Security Pools
Pool Architecture -
Chainrisk protocol is building an ecosystem around crypto economic insurance involving institutions, ecosystems, protocols, retail and LPs. The protocol involves the following types of security pools that uphold the integrity of the system.
(i) Ecosystem Pools -
Ecosystems inject initial capital and create isolated ecosystem pools. User & LPs can select the network and pool their capital into ecosystem pools in the native blockchain tokens. For example, there will be isolated ecosystem pools for Arbitrum, Optimism, Base etc. where Arbitrum pool hold $ARB tokens, Optimism hold $OP tokens so on and so forth. The ecosystem pool funds are deposited in DeFi applications native to their ecosystem ( example, $ARB tokens are deposited in GMX ) to run strategies and distribute the APY accrued among depositors. This ecosystem pool also acts as a secondary layer of insurance that covers protocols native to the ecosystem. ( with the underwriting done by Chainrisk ).
(ii) Isolated Protocol Pools on L2 -
Protocols inject initial capital and create isolated protocol pools. Based on our proprietary risk quantification model, we calculate Economic Security Index ( ESI ) of protocols. Users and LPs can invest in three types of vaults based on their risk appetite - - High Risk - Medium Risk - Low Risk Based on their risk scores, the protocols are categorised into high, medium and low risk vaults. Users first selects the network and according to their risk profile chooses the type of vault they want to stake in. Note: The users don't have the option to allocate capital to the individual protocols within the vault.
The LSTs deposited by the users are locked on respective L2s and minted on a native L3 bridge Contract.
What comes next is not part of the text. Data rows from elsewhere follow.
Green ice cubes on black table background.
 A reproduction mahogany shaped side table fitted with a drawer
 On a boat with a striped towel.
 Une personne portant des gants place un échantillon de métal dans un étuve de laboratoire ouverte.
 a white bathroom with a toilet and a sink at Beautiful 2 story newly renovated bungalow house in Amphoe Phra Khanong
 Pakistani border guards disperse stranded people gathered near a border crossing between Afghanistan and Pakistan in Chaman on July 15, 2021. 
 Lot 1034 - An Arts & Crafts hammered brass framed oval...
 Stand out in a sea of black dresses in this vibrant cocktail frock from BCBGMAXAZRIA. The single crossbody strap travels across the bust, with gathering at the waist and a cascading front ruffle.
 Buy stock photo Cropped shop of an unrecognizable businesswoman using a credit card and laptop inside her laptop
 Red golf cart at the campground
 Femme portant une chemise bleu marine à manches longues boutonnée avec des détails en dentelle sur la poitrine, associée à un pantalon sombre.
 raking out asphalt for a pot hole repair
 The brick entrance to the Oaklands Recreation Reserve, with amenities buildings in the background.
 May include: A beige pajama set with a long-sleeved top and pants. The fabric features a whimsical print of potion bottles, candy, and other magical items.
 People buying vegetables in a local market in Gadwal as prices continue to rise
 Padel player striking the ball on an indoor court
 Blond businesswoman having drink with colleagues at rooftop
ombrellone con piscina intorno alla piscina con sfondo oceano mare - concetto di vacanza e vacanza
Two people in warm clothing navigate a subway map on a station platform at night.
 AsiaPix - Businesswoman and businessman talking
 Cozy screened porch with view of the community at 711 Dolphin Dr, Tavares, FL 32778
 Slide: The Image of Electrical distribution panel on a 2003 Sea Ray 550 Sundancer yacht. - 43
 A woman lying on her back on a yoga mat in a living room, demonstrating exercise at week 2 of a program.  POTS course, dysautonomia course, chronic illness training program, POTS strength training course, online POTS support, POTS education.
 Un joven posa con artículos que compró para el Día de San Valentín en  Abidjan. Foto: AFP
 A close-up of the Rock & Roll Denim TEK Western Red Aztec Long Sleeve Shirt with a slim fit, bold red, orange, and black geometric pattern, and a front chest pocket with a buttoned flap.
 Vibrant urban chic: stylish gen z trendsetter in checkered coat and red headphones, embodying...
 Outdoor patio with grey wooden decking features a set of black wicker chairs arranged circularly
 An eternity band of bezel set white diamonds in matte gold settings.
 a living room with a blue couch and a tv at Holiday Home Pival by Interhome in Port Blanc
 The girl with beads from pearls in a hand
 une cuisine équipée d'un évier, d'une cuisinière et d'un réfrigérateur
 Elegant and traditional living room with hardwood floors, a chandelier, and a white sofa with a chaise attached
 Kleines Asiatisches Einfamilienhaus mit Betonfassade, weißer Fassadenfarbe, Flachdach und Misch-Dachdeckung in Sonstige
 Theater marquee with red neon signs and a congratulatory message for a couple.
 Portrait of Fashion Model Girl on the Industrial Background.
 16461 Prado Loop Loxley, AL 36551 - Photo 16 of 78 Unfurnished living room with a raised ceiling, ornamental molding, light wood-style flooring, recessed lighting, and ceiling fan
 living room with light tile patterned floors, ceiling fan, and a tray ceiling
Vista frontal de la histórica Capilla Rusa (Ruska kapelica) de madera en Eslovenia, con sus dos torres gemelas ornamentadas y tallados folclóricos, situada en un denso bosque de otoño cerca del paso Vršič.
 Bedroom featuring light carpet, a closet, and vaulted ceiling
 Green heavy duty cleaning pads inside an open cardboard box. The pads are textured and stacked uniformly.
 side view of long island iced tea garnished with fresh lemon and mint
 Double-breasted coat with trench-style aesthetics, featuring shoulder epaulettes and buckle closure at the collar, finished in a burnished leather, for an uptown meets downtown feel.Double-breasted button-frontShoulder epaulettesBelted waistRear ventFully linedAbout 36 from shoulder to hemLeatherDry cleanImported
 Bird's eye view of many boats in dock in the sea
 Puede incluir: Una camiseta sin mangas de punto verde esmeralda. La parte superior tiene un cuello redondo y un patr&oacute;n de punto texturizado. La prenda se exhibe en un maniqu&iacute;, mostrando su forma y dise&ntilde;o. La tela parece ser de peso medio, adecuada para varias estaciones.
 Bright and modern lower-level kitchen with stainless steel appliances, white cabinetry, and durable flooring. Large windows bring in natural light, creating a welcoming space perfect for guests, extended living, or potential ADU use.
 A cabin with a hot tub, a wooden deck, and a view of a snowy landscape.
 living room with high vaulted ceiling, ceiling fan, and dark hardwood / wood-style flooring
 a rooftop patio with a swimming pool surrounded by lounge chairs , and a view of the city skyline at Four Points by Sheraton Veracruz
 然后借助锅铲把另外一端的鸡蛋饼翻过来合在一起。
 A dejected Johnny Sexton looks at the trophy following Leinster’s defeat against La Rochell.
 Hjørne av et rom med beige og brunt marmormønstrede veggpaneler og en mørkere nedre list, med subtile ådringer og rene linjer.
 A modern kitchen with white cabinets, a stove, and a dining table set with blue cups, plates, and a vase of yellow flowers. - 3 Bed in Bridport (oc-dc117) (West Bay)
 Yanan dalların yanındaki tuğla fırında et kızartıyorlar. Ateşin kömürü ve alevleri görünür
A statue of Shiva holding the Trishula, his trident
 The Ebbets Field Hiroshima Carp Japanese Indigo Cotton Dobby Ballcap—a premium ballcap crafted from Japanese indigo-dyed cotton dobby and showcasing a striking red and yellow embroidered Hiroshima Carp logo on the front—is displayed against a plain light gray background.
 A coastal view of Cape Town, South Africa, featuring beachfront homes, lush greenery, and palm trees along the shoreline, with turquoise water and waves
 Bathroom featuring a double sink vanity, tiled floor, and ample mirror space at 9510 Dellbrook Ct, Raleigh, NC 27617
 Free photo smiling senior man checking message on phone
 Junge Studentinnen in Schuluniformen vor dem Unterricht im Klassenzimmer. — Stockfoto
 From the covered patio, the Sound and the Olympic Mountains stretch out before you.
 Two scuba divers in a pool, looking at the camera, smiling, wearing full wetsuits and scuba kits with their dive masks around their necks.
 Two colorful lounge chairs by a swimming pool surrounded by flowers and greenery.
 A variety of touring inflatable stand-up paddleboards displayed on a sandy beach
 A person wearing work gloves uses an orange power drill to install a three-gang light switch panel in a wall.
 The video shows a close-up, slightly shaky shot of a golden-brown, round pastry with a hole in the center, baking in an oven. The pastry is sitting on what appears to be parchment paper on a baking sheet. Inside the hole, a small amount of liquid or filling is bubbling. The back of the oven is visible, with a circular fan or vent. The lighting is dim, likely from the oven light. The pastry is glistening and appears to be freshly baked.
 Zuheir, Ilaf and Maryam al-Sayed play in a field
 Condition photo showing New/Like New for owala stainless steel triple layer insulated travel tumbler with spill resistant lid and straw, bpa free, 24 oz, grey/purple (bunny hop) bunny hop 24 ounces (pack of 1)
(iii) Chainrisk L3 Liquidity Hub -
The L3 liquidity hub functions as a vertically integrated service which drives liquidity & value to maintain integrity of the AVS while facilitating the protocol's inherent yield accrual mechanism. Chainrisk calculates the value at risk of protocols per market and based on the coverage and other factors, we charge a risk premium per market. If the protocol's premium is directly stored in the isolated L2 pools, it will lead to a classical insurance problem called "Premium Fragmentation". If the premium is fragmented across different markets, it cannot be evenly used to drive AVS rewards to stakers and node operators. Having an L3 liquidity hub solves this fragmentation by pooling all the premiums in one unified bridge contract. To increase efficiency, we do mathematical auto-rebalancing of pools of a protocol across markets directly at the L3 level, incase of fluctuating coverage demands in one or more markets. Read more about it here. The LSTs staked by the users is bifurcated into two parts . Users choose the type of node operators and delegate X% of it, which gets staked on Chainrisk Insurance AVS. The rest of it (100-X)% is delegated to LRT protocols to mint LRTs and then deposited on LRT markets ( like Pendle ). This gives rise to a three-fold point system stemming from - 1. Eigenlayer Points. 2. LRT protocol (like Renzo) Points. 3. Chainrisk Points. This coupled with the Safest APY maximising strategies generates an industry-leading yield which is used to incentivise Chainrisk AVS, users, LPs, and protocols. The value of X depends on the risk score of the protocol. More risky the protocol, lesser the value of X.